Bei Paulus geht es wie gesagt darum, wer zum Kreis der Gläubigen zählen darf. Die Menschen, mit denen er sich damals auseinandersetzte, waren überzeugt, dass der Kreis der Gläubigen nur innerhalb des Judentums zu finden ist. Wer nicht jüdisch war, war Heide. Und Heiden gehörten NICHT zum Kreis der Gläubigen dazu. (Jesus selbst war übrigens Jude. Paulus war auch Jude.)
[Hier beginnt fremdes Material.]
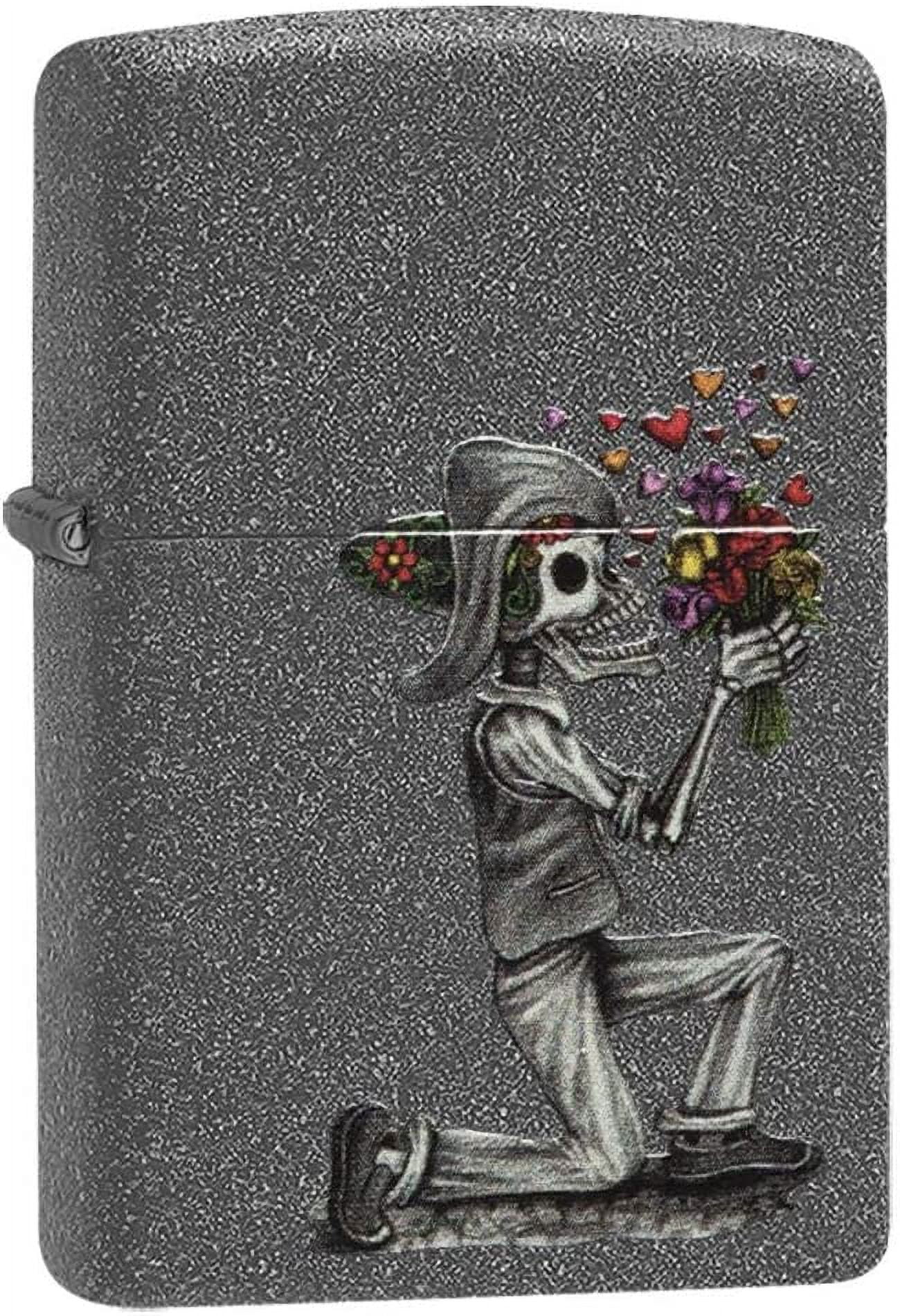 Zippo Personalized Message Engraved on Backside Iron Stone Wedding Couple Dead Skulls Set #28987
Die Frage, die sich damals stellte, war: Was bedeutet das Evangelium von Jesus Christus für die Menschen, die Heiden sind? Gilt die Frohe Botschaft nur den Menschen aus dem Judentum? Viele sagten: „Nein, das passt nicht zu dem, wie wir Jesus verstanden haben. Von Jesus her glauben wir: Die Liebe Gottes muss ALLEN Menschen gelten.“ Wenn aber doch nur das Judentum den Kreis der Gläubigen umfasste: Müssen die Heiden dann alle so leben und handeln, als wären sie jüdische Menschen? Müssen sie sich beschneiden lassen und auf die Speisegebote achten, wenn sie zu Gott dazugehören möchten? Müssen sie sich also an bestehende Glaubenskulturen anpassen, wenn sie dazugehören möchten?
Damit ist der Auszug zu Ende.